%%

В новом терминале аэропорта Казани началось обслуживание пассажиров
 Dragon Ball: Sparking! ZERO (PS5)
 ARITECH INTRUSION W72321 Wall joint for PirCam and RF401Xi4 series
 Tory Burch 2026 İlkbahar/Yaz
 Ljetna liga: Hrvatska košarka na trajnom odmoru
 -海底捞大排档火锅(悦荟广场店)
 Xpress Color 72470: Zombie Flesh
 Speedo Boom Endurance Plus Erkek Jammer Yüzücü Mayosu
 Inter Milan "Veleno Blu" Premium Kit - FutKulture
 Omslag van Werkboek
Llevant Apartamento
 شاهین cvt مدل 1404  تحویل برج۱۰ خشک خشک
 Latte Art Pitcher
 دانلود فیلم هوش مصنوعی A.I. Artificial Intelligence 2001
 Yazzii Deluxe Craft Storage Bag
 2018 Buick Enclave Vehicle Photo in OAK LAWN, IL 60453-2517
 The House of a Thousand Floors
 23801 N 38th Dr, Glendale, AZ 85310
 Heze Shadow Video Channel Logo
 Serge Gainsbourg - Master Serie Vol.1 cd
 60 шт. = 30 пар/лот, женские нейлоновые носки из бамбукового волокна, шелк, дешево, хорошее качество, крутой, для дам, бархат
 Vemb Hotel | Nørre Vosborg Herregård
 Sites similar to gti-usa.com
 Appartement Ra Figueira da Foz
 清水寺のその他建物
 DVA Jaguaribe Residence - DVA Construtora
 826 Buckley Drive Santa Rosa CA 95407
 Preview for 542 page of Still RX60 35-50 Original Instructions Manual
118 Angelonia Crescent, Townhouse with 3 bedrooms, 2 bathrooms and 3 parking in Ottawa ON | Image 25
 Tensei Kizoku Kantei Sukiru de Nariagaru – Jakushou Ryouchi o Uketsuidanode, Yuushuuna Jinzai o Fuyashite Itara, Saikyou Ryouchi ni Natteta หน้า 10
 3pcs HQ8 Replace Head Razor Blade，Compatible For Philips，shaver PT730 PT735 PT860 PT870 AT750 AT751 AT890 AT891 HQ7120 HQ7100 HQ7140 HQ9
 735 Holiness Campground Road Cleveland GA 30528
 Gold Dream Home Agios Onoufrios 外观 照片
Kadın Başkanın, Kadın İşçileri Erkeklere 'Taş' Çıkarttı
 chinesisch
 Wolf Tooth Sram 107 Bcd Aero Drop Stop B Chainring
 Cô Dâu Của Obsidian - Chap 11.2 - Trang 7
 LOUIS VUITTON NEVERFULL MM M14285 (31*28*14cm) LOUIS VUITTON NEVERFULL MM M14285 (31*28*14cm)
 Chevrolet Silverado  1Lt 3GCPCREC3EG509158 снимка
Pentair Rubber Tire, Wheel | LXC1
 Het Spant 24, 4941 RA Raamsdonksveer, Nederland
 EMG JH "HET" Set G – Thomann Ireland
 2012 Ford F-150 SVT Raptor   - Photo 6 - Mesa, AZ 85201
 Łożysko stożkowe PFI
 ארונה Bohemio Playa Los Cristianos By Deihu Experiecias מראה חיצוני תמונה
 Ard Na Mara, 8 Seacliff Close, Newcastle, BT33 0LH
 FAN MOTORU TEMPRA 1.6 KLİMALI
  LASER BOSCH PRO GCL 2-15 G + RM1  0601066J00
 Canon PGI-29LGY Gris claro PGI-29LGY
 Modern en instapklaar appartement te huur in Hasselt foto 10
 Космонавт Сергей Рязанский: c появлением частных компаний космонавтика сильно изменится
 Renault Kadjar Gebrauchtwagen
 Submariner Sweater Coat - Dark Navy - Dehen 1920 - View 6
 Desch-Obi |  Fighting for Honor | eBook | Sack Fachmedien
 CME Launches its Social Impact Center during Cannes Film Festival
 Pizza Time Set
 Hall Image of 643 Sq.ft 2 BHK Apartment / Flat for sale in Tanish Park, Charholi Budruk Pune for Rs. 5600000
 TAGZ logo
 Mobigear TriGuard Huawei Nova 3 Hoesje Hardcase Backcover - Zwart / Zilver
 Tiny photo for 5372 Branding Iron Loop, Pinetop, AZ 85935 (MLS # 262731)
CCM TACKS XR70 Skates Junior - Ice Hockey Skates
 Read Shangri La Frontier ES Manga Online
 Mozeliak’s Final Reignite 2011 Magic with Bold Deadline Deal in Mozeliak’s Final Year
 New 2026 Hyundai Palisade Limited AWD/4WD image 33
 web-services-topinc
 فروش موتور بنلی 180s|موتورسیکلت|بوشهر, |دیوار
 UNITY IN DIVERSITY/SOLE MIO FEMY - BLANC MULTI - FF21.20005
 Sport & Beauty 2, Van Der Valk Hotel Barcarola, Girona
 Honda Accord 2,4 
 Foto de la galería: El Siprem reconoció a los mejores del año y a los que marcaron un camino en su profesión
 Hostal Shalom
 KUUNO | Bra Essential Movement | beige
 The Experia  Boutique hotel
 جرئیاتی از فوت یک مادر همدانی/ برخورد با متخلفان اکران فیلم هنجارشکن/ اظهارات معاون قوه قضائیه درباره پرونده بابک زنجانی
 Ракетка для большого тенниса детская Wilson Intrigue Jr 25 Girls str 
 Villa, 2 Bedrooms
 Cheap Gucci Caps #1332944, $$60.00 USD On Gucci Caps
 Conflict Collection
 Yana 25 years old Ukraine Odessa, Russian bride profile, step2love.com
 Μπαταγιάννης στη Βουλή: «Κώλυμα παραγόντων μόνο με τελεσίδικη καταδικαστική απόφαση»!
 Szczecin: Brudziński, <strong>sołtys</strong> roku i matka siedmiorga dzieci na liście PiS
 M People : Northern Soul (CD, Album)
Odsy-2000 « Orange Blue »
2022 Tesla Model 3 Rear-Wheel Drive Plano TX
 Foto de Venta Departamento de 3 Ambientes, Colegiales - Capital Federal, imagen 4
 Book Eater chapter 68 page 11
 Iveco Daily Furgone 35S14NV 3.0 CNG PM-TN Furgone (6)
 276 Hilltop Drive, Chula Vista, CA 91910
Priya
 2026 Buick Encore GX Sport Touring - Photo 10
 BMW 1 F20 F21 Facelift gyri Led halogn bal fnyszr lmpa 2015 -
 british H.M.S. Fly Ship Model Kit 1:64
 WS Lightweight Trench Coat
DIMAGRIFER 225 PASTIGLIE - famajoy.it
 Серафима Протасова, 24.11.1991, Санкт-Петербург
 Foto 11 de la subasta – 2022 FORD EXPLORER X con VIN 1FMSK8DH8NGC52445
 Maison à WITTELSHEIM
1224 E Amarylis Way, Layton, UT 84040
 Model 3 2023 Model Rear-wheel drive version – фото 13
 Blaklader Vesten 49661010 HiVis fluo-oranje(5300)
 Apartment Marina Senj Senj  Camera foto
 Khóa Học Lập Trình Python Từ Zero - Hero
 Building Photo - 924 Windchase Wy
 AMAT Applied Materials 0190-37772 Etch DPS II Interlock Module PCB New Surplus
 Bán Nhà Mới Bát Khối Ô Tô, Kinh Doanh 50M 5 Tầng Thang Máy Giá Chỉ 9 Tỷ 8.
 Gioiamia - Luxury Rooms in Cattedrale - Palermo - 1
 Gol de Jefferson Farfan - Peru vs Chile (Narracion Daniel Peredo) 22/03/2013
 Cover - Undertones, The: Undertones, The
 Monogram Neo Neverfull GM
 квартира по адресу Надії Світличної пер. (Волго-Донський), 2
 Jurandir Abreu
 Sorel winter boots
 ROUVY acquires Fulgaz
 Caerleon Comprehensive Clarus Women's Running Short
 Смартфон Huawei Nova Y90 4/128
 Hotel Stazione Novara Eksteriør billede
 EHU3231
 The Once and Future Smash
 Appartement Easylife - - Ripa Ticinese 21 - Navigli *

%%

* About this exercise:
In this exercise, repeat all entries exactly.

* Final answer:
В новом терминале аэропорта Казани началось обслуживание пассажиров
 Dragon Ball: Sparking! ZERO (PS5)
 ARITECH INTRUSION W72321 Wall joint for PirCam and RF401Xi4 series
 Tory Burch 2026 İlkbahar/Yaz
 Ljetna liga: Hrvatska košarka na trajnom odmoru
 -海底捞大排档火锅(悦荟广场店)
 Xpress Color 72470: Zombie Flesh
 Speedo Boom Endurance Plus Erkek Jammer Yüzücü Mayosu
 Inter Milan "Veleno Blu" Premium Kit - FutKulture
 Omslag van Werkboek
Llevant Apartamento
 شاهین cvt مدل 1404  تحویل برج۱۰ خشک خشک
 Latte Art Pitcher
 دانلود فیلم هوش مصنوعی A.I. Artificial Intelligence 2001
 Yazzii Deluxe Craft Storage Bag
 2018 Buick Enclave Vehicle Photo in OAK LAWN, IL 60453-2517
 The House of a Thousand Floors
 23801 N 38th Dr, Glendale, AZ 85310
 Heze Shadow Video Channel Logo
 Serge Gainsbourg - Master Serie Vol.1 cd
 60 шт. = 30 пар/лот, женские нейлоновые носки из бамбукового волокна, шелк, дешево, хорошее качество, крутой, для дам, бархат
 Vemb Hotel | Nørre Vosborg Herregård
 Sites similar to gti-usa.com
 Appartement Ra Figueira da Foz
 清水寺のその他建物
 DVA Jaguaribe Residence - DVA Construtora
 826 Buckley Drive Santa Rosa CA 95407
 Preview for 542 page of Still RX60 35-50 Original Instructions Manual
118 Angelonia Crescent, Townhouse with 3 bedrooms, 2 bathrooms and 3 parking in Ottawa ON | Image 25
 Tensei Kizoku Kantei Sukiru de Nariagaru – Jakushou Ryouchi o Uketsuidanode, Yuushuuna Jinzai o Fuyashite Itara, Saikyou Ryouchi ni Natteta หน้า 10
 3pcs HQ8 Replace Head Razor Blade，Compatible For Philips，shaver PT730 PT735 PT860 PT870 AT750 AT751 AT890 AT891 HQ7120 HQ7100 HQ7140 HQ9
 735 Holiness Campground Road Cleveland GA 30528
 Gold Dream Home Agios Onoufrios 外观 照片
Kadın Başkanın, Kadın İşçileri Erkeklere 'Taş' Çıkarttı
 chinesisch
 Wolf Tooth Sram 107 Bcd Aero Drop Stop B Chainring
 Cô Dâu Của Obsidian - Chap 11.2 - Trang 7
 LOUIS VUITTON NEVERFULL MM M14285 (31*28*14cm) LOUIS VUITTON NEVERFULL MM M14285 (31*28*14cm)
 Chevrolet Silverado  1Lt 3GCPCREC3EG509158 снимка
Pentair Rubber Tire, Wheel | LXC1
 Het Spant 24, 4941 RA Raamsdonksveer, Nederland
 EMG JH "HET" Set G – Thomann Ireland
 2012 Ford F-150 SVT Raptor   - Photo 6 - Mesa, AZ 85201
 Łożysko stożkowe PFI
 ארונה Bohemio Playa Los Cristianos By Deihu Experiecias מראה חיצוני תמונה
 Ard Na Mara, 8 Seacliff Close, Newcastle, BT33 0LH
 FAN MOTORU TEMPRA 1.6 KLİMALI
  LASER BOSCH PRO GCL 2-15 G + RM1  0601066J00
 Canon PGI-29LGY Gris claro PGI-29LGY
 Modern en instapklaar appartement te huur in Hasselt foto 10
 Космонавт Сергей Рязанский: c появлением частных компаний космонавтика сильно изменится
 Renault Kadjar Gebrauchtwagen
 Submariner Sweater Coat - Dark Navy - Dehen 1920 - View 6
 Desch-Obi |  Fighting for Honor | eBook | Sack Fachmedien
 CME Launches its Social Impact Center during Cannes Film Festival
 Pizza Time Set
 Hall Image of 643 Sq.ft 2 BHK Apartment / Flat for sale in Tanish Park, Charholi Budruk Pune for Rs. 5600000
 TAGZ logo
 Mobigear TriGuard Huawei Nova 3 Hoesje Hardcase Backcover - Zwart / Zilver
 Tiny photo for 5372 Branding Iron Loop, Pinetop, AZ 85935 (MLS # 262731)
CCM TACKS XR70 Skates Junior - Ice Hockey Skates
 Read Shangri La Frontier ES Manga Online
 Mozeliak’s Final Reignite 2011 Magic with Bold Deadline Deal in Mozeliak’s Final Year
 New 2026 Hyundai Palisade Limited AWD/4WD image 33
 web-services-topinc
 فروش موتور بنلی 180s|موتورسیکلت|بوشهر, |دیوار
 UNITY IN DIVERSITY/SOLE MIO FEMY - BLANC MULTI - FF21.20005
 Sport & Beauty 2, Van Der Valk Hotel Barcarola, Girona
 Honda Accord 2,4 
 Foto de la galería: El Siprem reconoció a los mejores del año y a los que marcaron un camino en su profesión
 Hostal Shalom
 KUUNO | Bra Essential Movement | beige
 The Experia  Boutique hotel
 جرئیاتی از فوت یک مادر همدانی/ برخورد با متخلفان اکران فیلم هنجارشکن/ اظهارات معاون قوه قضائیه درباره پرونده بابک زنجانی
 Ракетка для большого тенниса детская Wilson Intrigue Jr 25 Girls str 
 Villa, 2 Bedrooms
 Cheap Gucci Caps #1332944, $$60.00 USD On Gucci Caps
 Conflict Collection
 Yana 25 years old Ukraine Odessa, Russian bride profile, step2love.com
 Μπαταγιάννης στη Βουλή: «Κώλυμα παραγόντων μόνο με τελεσίδικη καταδικαστική απόφαση»!
 Szczecin: Brudziński, <strong>sołtys</strong> roku i matka siedmiorga dzieci na liście PiS
 M People : Northern Soul (CD, Album)
Odsy-2000 « Orange Blue »
2022 Tesla Model 3 Rear-Wheel Drive Plano TX
 Foto de Venta Departamento de 3 Ambientes, Colegiales - Capital Federal, imagen 4
 Book Eater chapter 68 page 11
 Iveco Daily Furgone 35S14NV 3.0 CNG PM-TN Furgone (6)
 276 Hilltop Drive, Chula Vista, CA 91910
Priya
 2026 Buick Encore GX Sport Touring - Photo 10
 BMW 1 F20 F21 Facelift gyri Led halogn bal fnyszr lmpa 2015 -
 british H.M.S. Fly Ship Model Kit 1:64
 WS Lightweight Trench Coat
DIMAGRIFER 225 PASTIGLIE - famajoy.it
 Серафима Протасова, 24.11.1991, Санкт-Петербург
 Foto 11 de la subasta – 2022 FORD EXPLORER X con VIN 1FMSK8DH8NGC52445
 Maison à WITTELSHEIM
1224 E Amarylis Way, Layton, UT 84040
 Model 3 2023 Model Rear-wheel drive version – фото 13
 Blaklader Vesten 49661010 HiVis fluo-oranje(5300)
 Apartment Marina Senj Senj  Camera foto
 Khóa Học Lập Trình Python Từ Zero - Hero
 Building Photo - 924 Windchase Wy
 AMAT Applied Materials 0190-37772 Etch DPS II Interlock Module PCB New Surplus
 Bán Nhà Mới Bát Khối Ô Tô, Kinh Doanh 50M 5 Tầng Thang Máy Giá Chỉ 9 Tỷ 8.
 Gioiamia - Luxury Rooms in Cattedrale - Palermo - 1
 Gol de Jefferson Farfan - Peru vs Chile (Narracion Daniel Peredo) 22/03/2013
 Cover - Undertones, The: Undertones, The
 Monogram Neo Neverfull GM
 квартира по адресу Надії Світличної пер. (Волго-Донський), 2
 Jurandir Abreu
 Sorel winter boots
 ROUVY acquires Fulgaz
 Caerleon Comprehensive Clarus Women's Running Short
 Смартфон Huawei Nova Y90 4/128
 Hotel Stazione Novara Eksteriør billede
 EHU3231
 The Once and Future Smash
 Appartement Easylife - - Ripa Ticinese 21 - Navigli *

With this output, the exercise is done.